Problem description:
Would you copy, word for word, each line from the one with "لوسی 2 در راه است +عکس" to the end of the listing below, skipping all pictures?

(Data in this exercise)

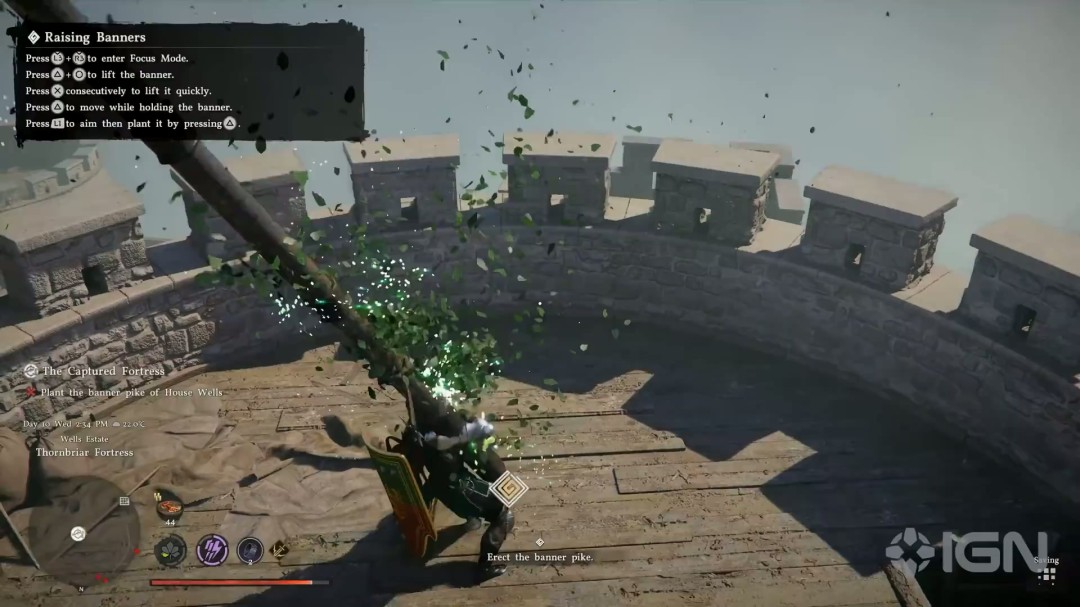 《红色沙漠》实机演示释出!12分钟震撼画面,Steam国区售价268元,还支持中文配音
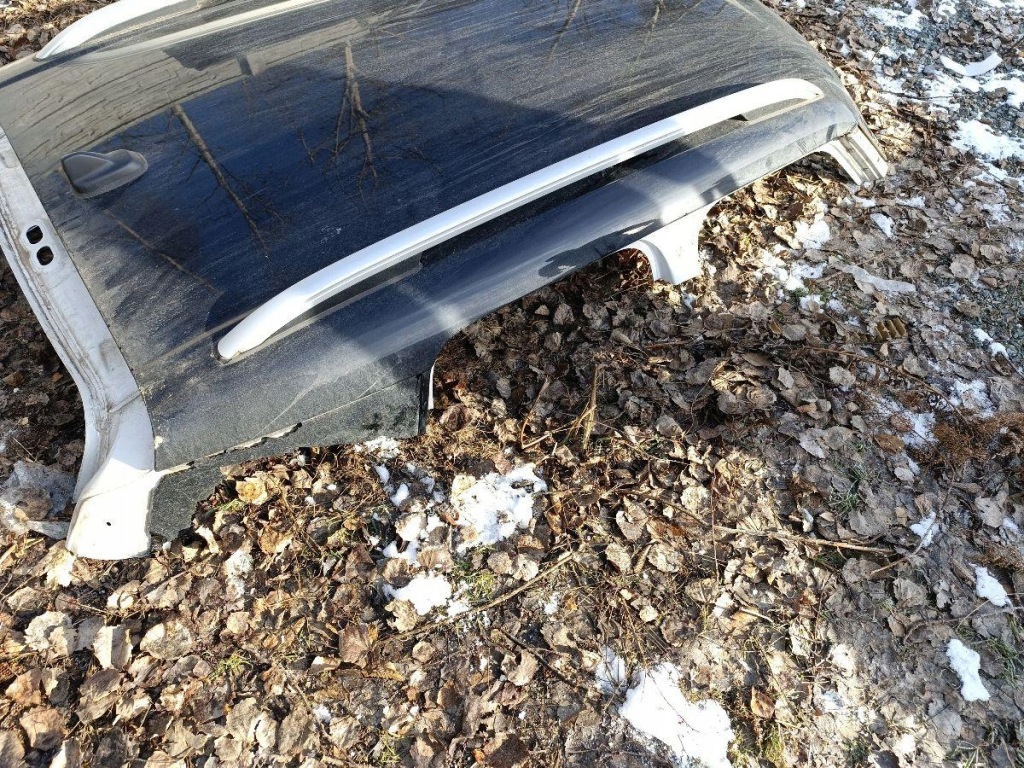 Mini countryman f60 крыша Доставка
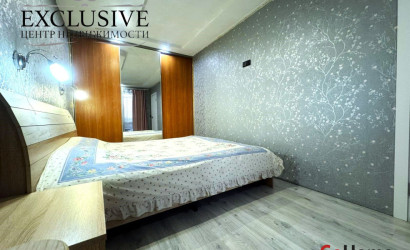 Купить 4-комнатную квартиру, Новополоцк, Молодежная ул., 128. Фото 7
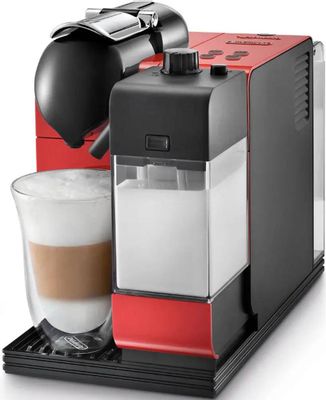 DeLonghi Nespresso EN 520.R 1300 339320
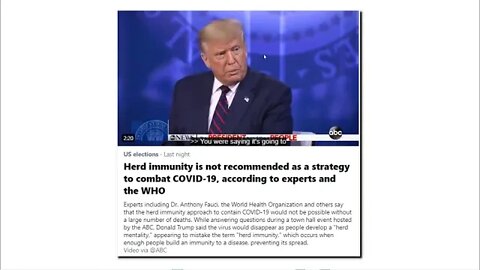 "According To Experts"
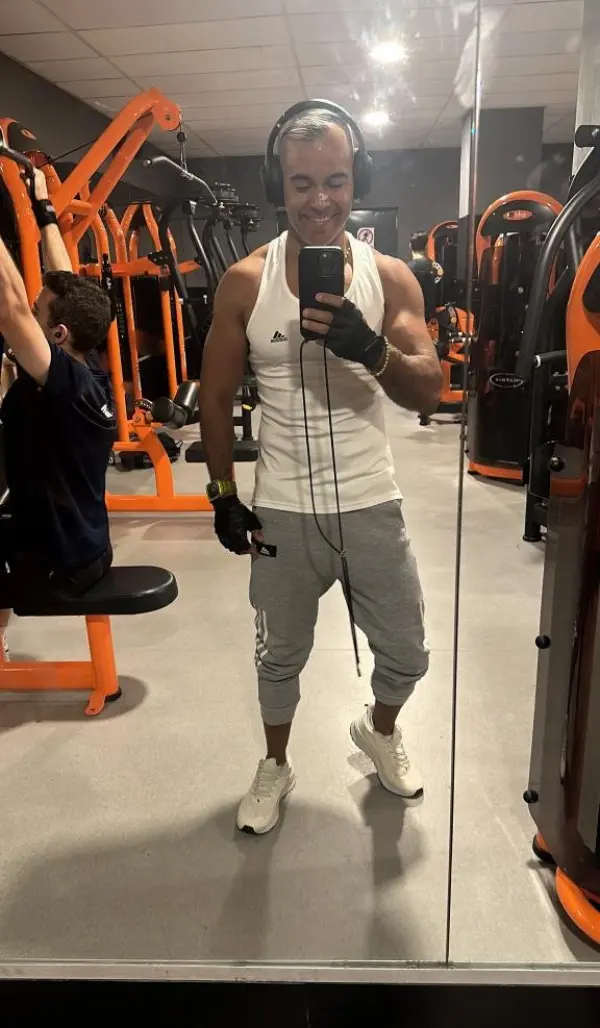 Fondo avatar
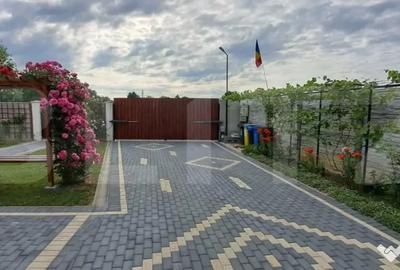 Casă cu 4 camere cu Teren 750 Mp în Central - 4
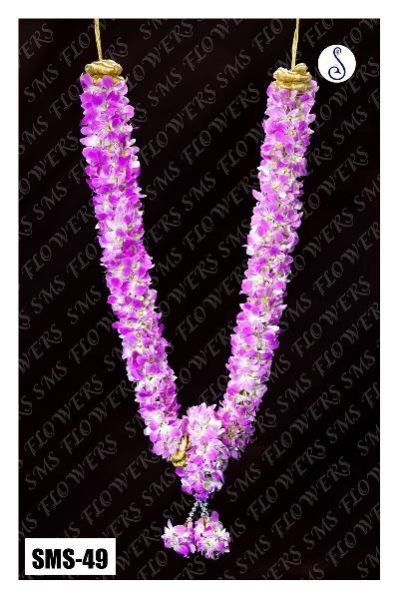 Wedding Garlands (SMS-49)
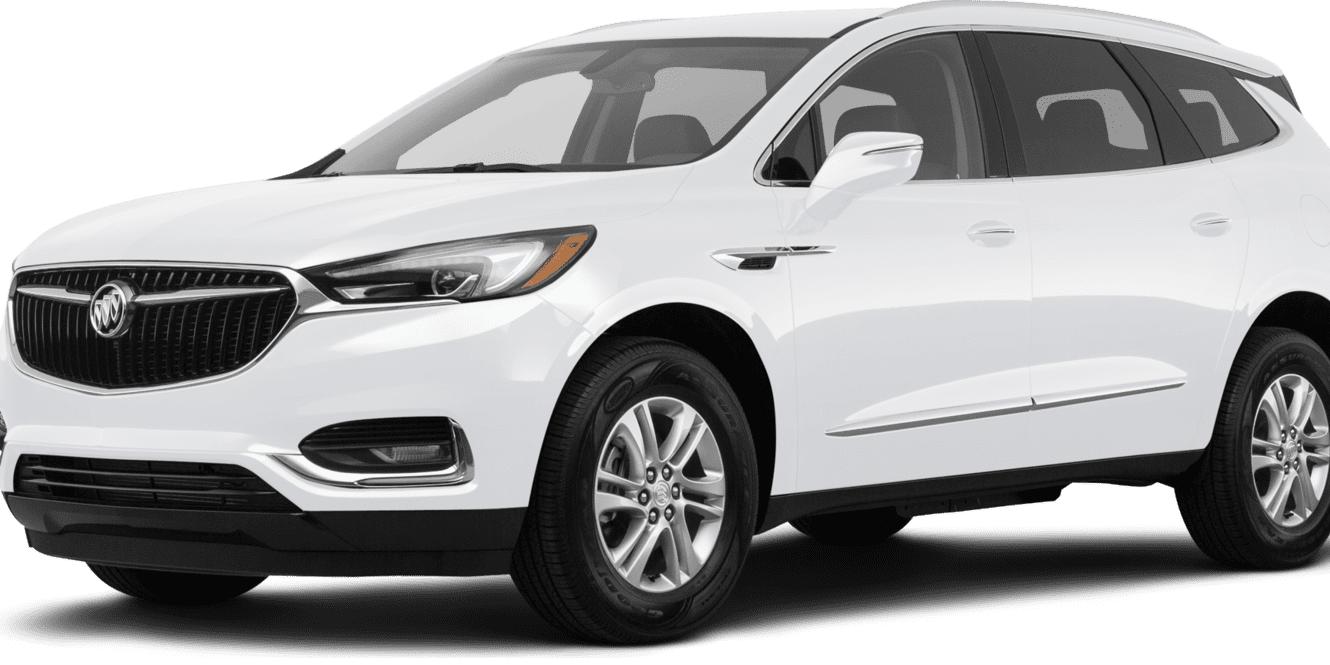 BUICK ENCLAVE 2020 5GAEVAKWXLJ106597 image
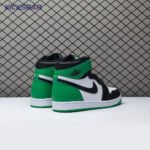 Jordan 1 Retro High OG Lucky Green DZ5485-031 Unisex - Image 7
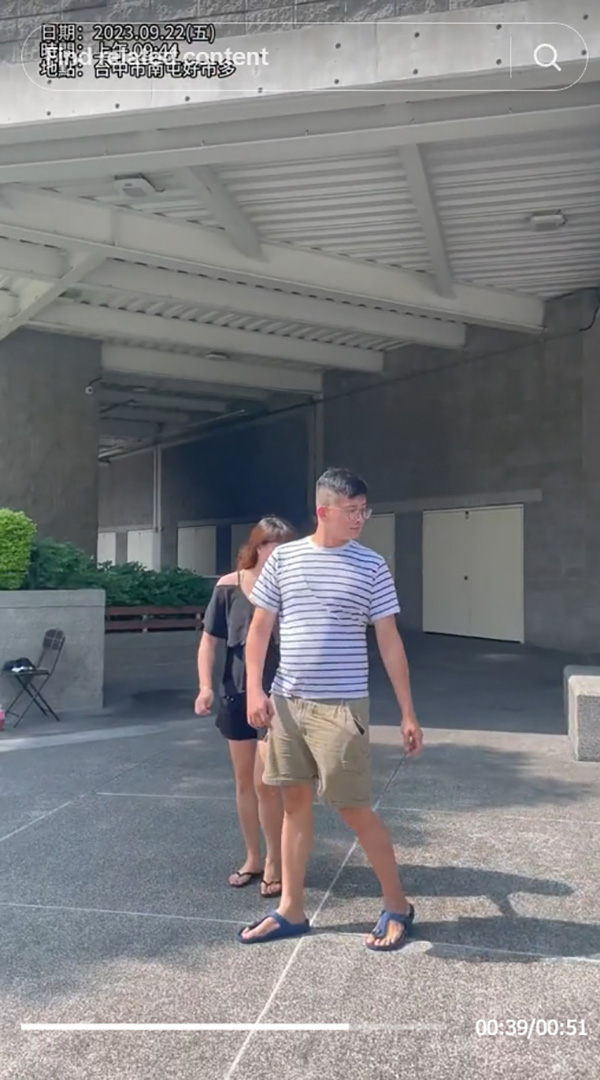 ทำ iPhone 15 Pro ตกหน้าร้านจอแตก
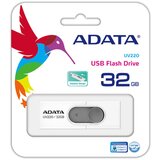 Adata 32GB USB2.0 (AUV220-32G-RWHGY) Flash Drive, bijela/siva | shoptok.hr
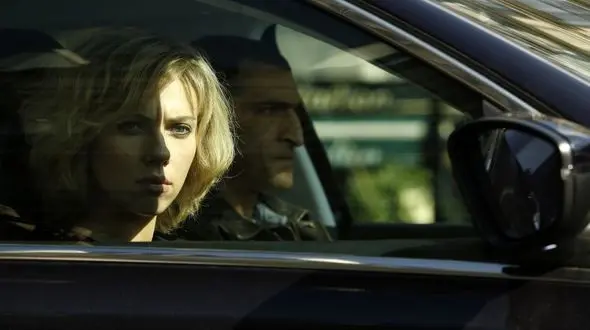 لوسی 2 در راه است +عکس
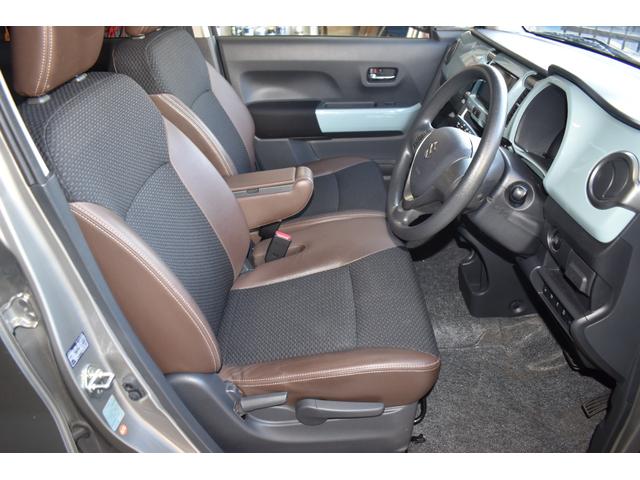 ハスラー タフワイルド　Ｓエネチャージ／ディアルカメラブレーキサポート／キセノンライト／Ｂｌｕｅｔｏｏｔｈ／ドラレコ付きフルセグナビ／バックモニター／ＥＴＣ／シートヒーター／ワンオーナー／（13枚目）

(End Data in this exercise)

Response:
 لوسی 2 در راه است +عکس
 ハスラー タフワイルド　Ｓエネチャージ／ディアルカメラブレーキサポート／キセノンライト／Ｂｌｕｅｔｏｏｔｈ／ドラレコ付きフルセグナビ／バックモニター／ＥＴＣ／シートヒーター／ワンオーナー／（13枚目）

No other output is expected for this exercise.